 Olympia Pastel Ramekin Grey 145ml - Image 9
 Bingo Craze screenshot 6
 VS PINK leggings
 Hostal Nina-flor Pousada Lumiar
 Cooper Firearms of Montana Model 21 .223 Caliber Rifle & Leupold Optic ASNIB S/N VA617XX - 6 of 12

· · ·

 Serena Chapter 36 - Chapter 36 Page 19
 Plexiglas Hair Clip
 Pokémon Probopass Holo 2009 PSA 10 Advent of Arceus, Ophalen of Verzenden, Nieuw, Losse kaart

· · ·

### The task
Starting at the line that has "Serena Chapter 36 - Chapter 36 Page 19" in the records above, restate word for word every line until the one that has "Pokémon Probopass Holo", and include that one as well.

### Exercise solution
 Serena Chapter 36 - Chapter 36 Page 19
 Plexiglas Hair Clip
 Pokémon Probopass Holo 2009 PSA 10 Advent of Arceus, Ophalen of Verzenden, Nieuw, Losse kaart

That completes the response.